Descriptive Note : Final rept.,

Corporate Author : DUKE UNIV DURHAM NC DEPT OF COMPUTER SCIENCE

Personal Author(s) : Dugan, Joanne B.

PDF Url : ADA310285

Report Date : 30 JUN 1989

Pagination or Media Count : 8

Abstract : The problems that arise during reliability analysis of a fault tolerant computer system can be broadly classified into those relating to the construction of the model, and those relating to the solution of the model. The construction of a model of a complex fault tolerant system consists of selecting an appropriate 'language' for the description of the system, abstracting the important characteristics of the system to be studied, and expressing these characteristics in the description language. The underlying stochastic representation of the system can then be automatically determined from the description language; the solution of the underlying stochastic process provides estimates of the desired measures. Some examples of modeling languages that are appropriate for simplifying the model construction task are combinatorial models, such as reliability block diagrams (20) and fault trees (2). Such combinatorial models are useful because they provide a concise representation of the system; however, they are not able to model the dynamic system behavior in response to a fault or an error. The first topic considered under the auspices of this grant was concerned with the development of techniques for incorporating fault and error modeling techniques into combinatorial models. A second area of research conducted under the current contract concerns the development of fast, accurate algorithms for the solution of fault tree models. Several different techniques were developed for producing bounded approximations for both static and dynamic combinatorial models. (The techniques were applied specifically to fault trees, but are also applicable to reliability block diagrams.) Techniques for the consideration of truncated fault trees were derived which could be used to produce bounded estimates of system reliability from partially developed fault trees.

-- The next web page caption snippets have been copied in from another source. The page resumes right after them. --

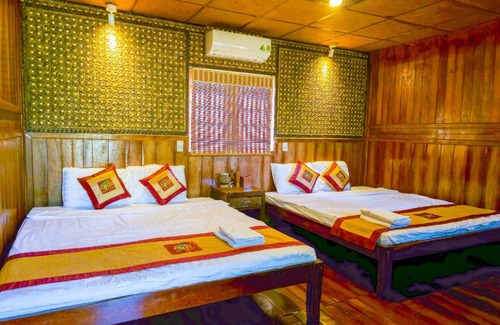 Long Ho Apartment | 32 m² Apartment ∙ 1 bedroom ∙ 4 guests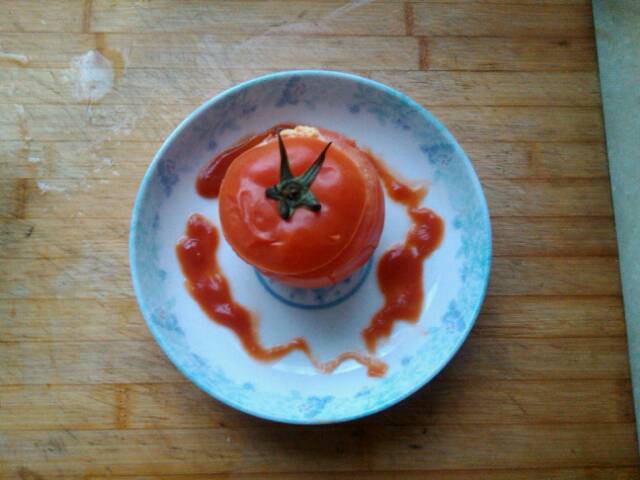 番茄里的小世界 第4步
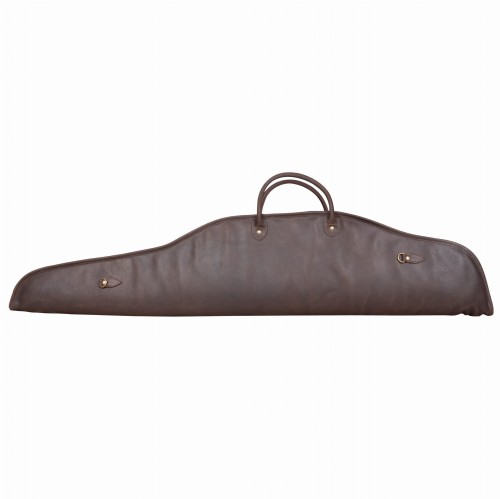 Pokrowiec FSL22D-2 skórzany brązowy 125 cm x 25 cm-1 42092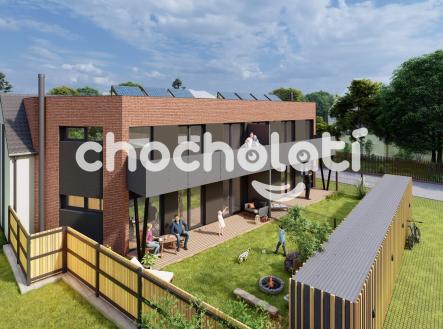 Prodej bytu, 3+kk, 153 m²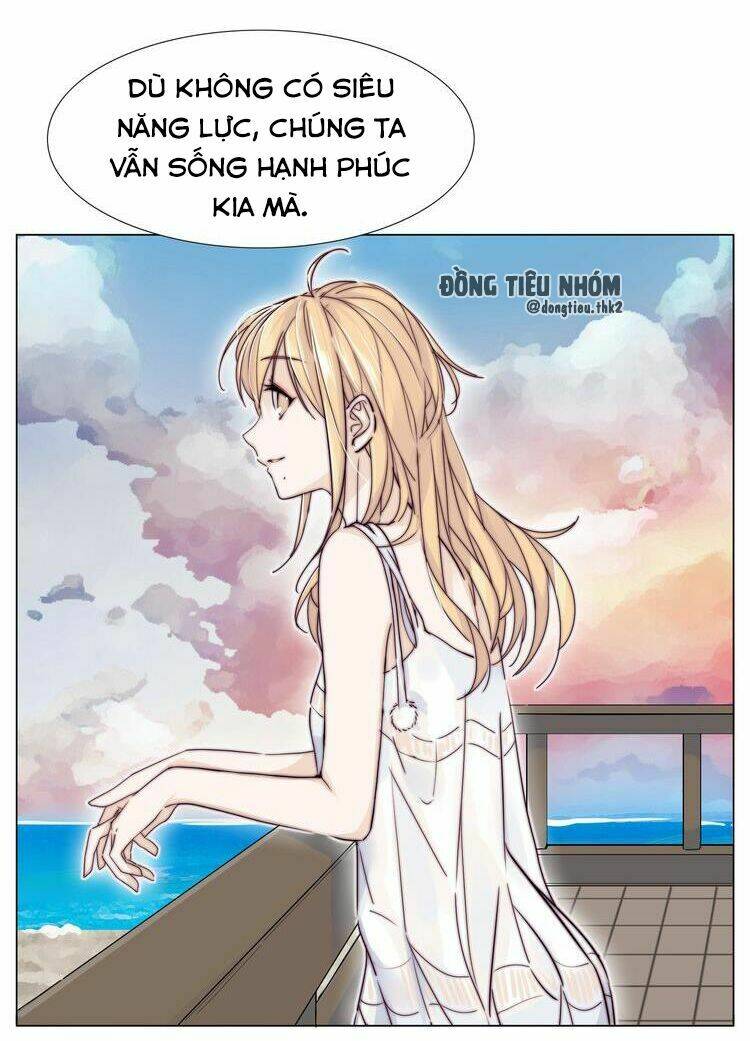 Lấp Lánh Tình Yêu Kẹo Bạc Hà Chapter 56 - Trang 2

Descriptors :   *SYSTEMS ANALYSIS, *COMBINATORIAL ANALYSIS, *FAULT TOLERANT COMPUTING, ALGORITHMS, METHODOLOGY, MODELS, DYNAMIC RESPONSE, PROGRAMMING LANGUAGES, ACCURACY, PHASE, ESTIMATES, RELIABILITY, SOLUTIONS(GENERAL), APPROXIMATION(MATHEMATICS), CHAINS, MISSIONS, ERRORS, FAULT TREES, FLOW CHARTING, MARKOV PROCESSES, TRUNCATION, FAULT TREE ANALYSIS.

Subject Categories : Statistics and Probability
      Computer Programming and Software

Distribution Statement : APPROVED FOR PUBLIC RELEASE